* _To do_: Please transcribe all of the entries exactly, leaving out any images.

* _Dataset records_:
- - - -
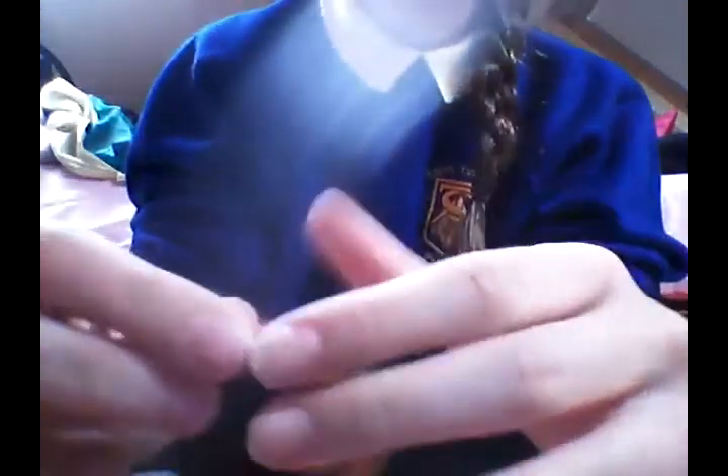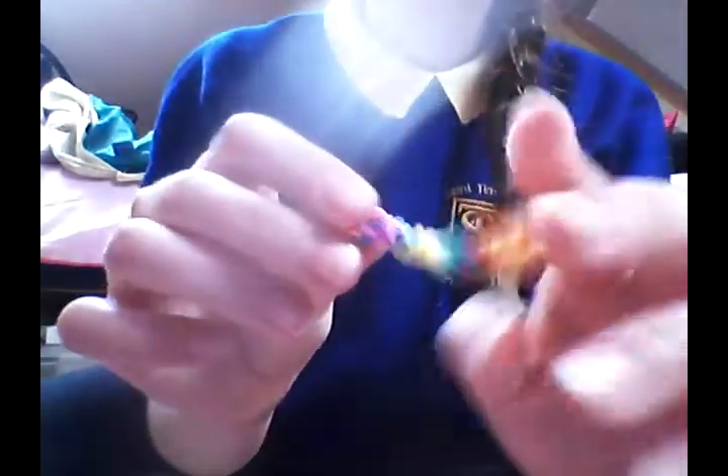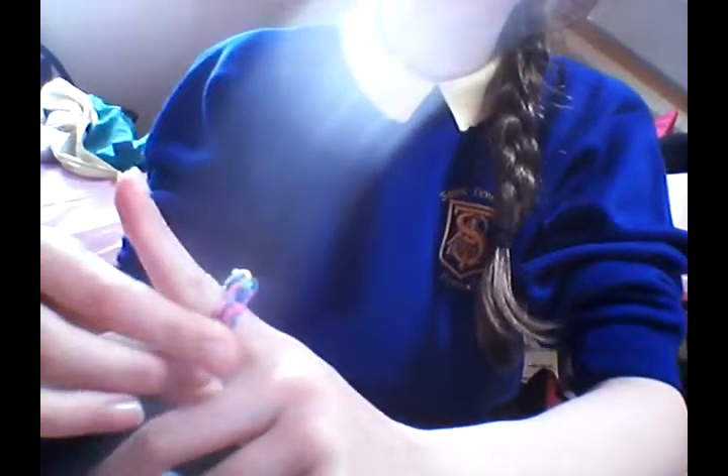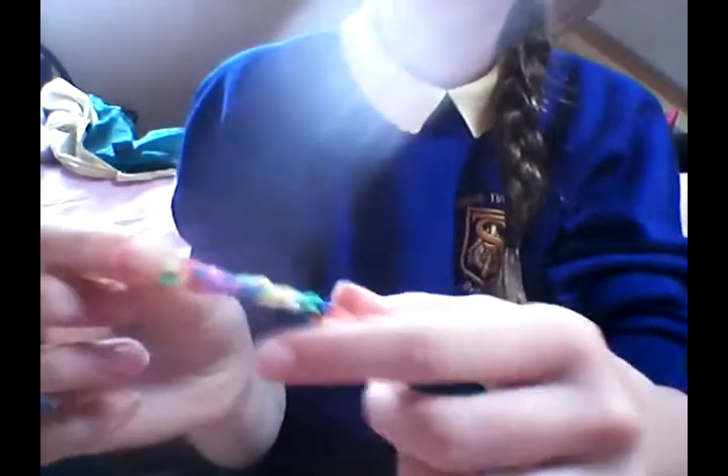And it's done. Put them into the middle like that, and then just put an S-clip on. You can make it whatever you want — I'm probably going to make this into a ring. S-clip on, hook it round, and there's your inverted fishtail. Thanks for clicking on this video, if you like what you see please subscribe for more videos and tell your friends, bye!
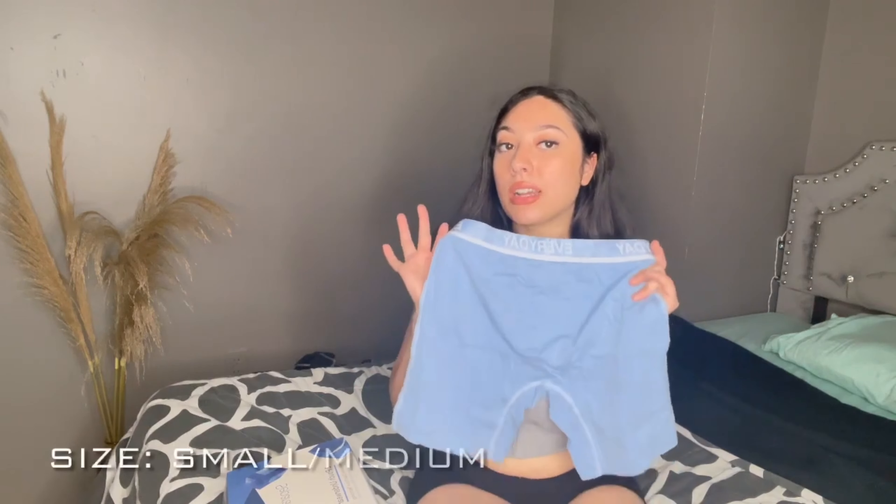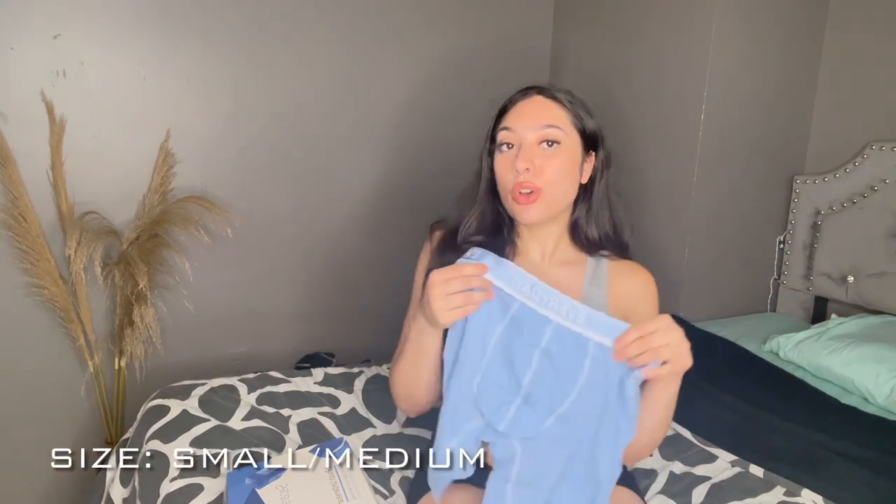So this one is a baby blue color. They're all the same style — I'm just giving you guys an up-close view on the colors that I picked out. It comes with seven pairs of briefs, so they're all the same.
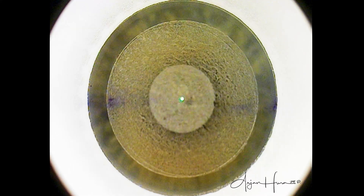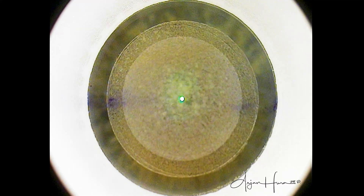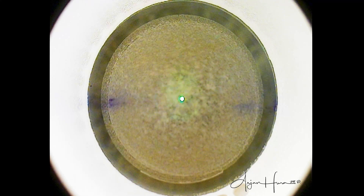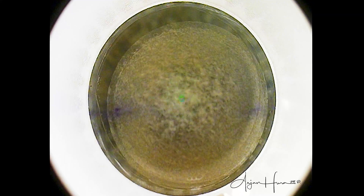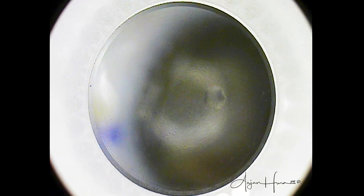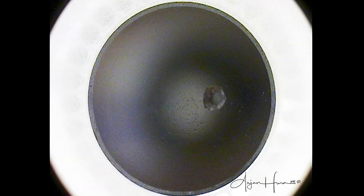Then this inside-out cut establishes the top of the lenticule and the SMILE pocket. And then finally, the superior incision, which will give us access to the lenticule. That entire process of creating the lenticule took exactly 24 seconds, and that holds true regardless of whether the patient has a -1.5 or a -8.5 refractive error. The time to create the lenticule is exactly the same.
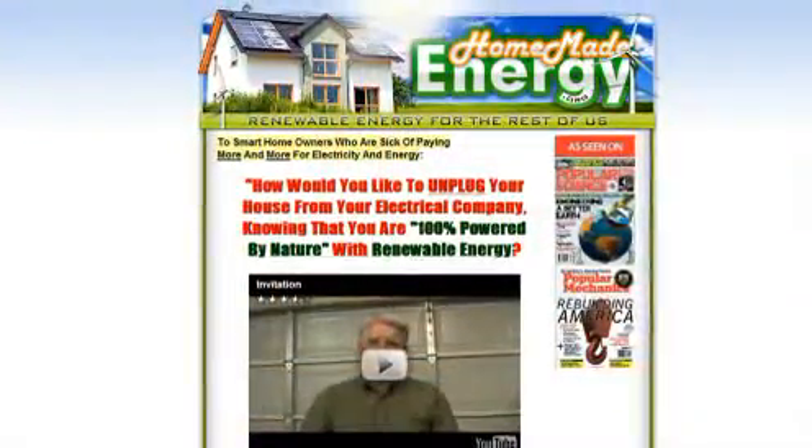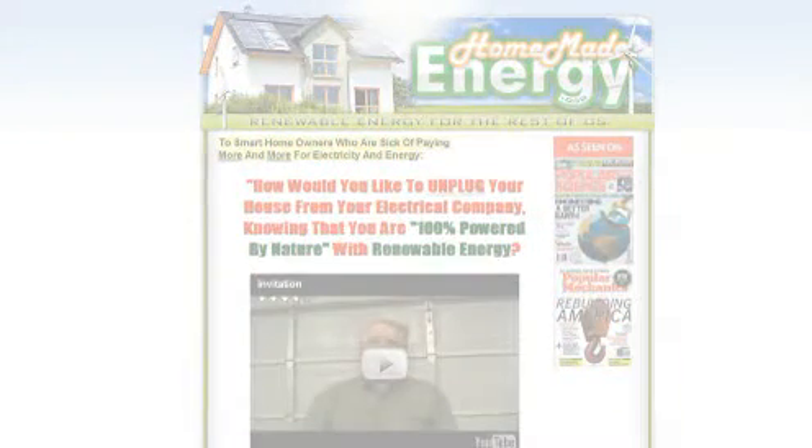Save on energy costs today. Just click the link in this video to get started. Click the link now.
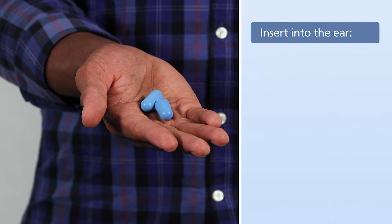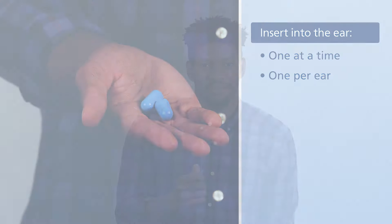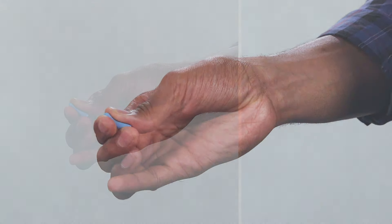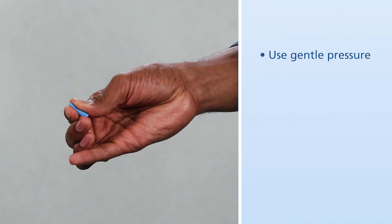For proper use, they will be inserted into the ear one at a time and one per ear. First, be sure your hands are clean. Then, roll the earplug up into a small, thin snake with your fingers. Use gentle pressure to roll the earplug, and then gradually increase pressure.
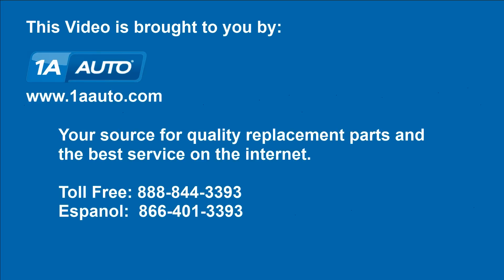We hope this helps you out. Brought to you by www.1aauto.com, your source for quality replacement parts and the best service on the internet. Please feel free to call us toll free 888-844-3393. We're the company that's here for you on the internet and in person.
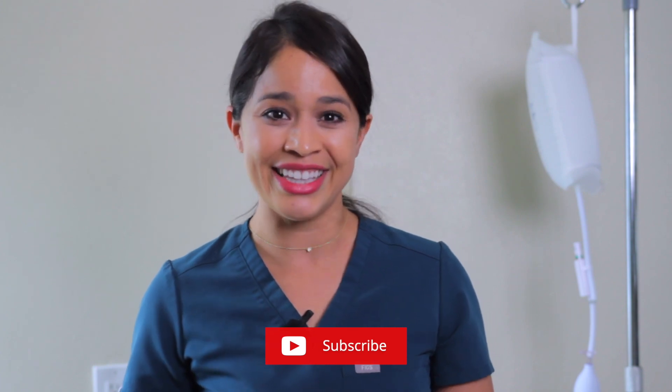But before we get into it, welcome. My name is Tina, Nurse Practitioner. Don't forget to subscribe and turn on that notification bell. Let's get started.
- - - -
* _Answer to this exercise_:
And it's done. Put them into the middle like that, and then just put an S-clip on. You can make it whatever you want — I'm probably going to make this into a ring. S-clip on, hook it round, and there's your inverted fishtail. Thanks for clicking on this video, if you like what you see please subscribe for more videos and tell your friends, bye!
So this one is a baby blue color. They're all the same style — I'm just giving you guys an up-close view on the colors that I picked out. It comes with seven pairs of briefs, so they're all the same.
Then this inside-out cut establishes the top of the lenticule and the SMILE pocket. And then finally, the superior incision, which will give us access to the lenticule. That entire process of creating the lenticule took exactly 24 seconds, and that holds true regardless of whether the patient has a -1.5 or a -8.5 refractive error. The time to create the lenticule is exactly the same.
Save on energy costs today. Just click the link in this video to get started. Click the link now.
For proper use, they will be inserted into the ear one at a time and one per ear. First, be sure your hands are clean. Then, roll the earplug up into a small, thin snake with your fingers. Use gentle pressure to roll the earplug, and then gradually increase pressure.
We hope this helps you out. Brought to you by www.1aauto.com, your source for quality replacement parts and the best service on the internet. Please feel free to call us toll free 888-844-3393. We're the company that's here for you on the internet and in person.
But before we get into it, welcome. My name is Tina, Nurse Practitioner. Don't forget to subscribe and turn on that notification bell. Let's get started.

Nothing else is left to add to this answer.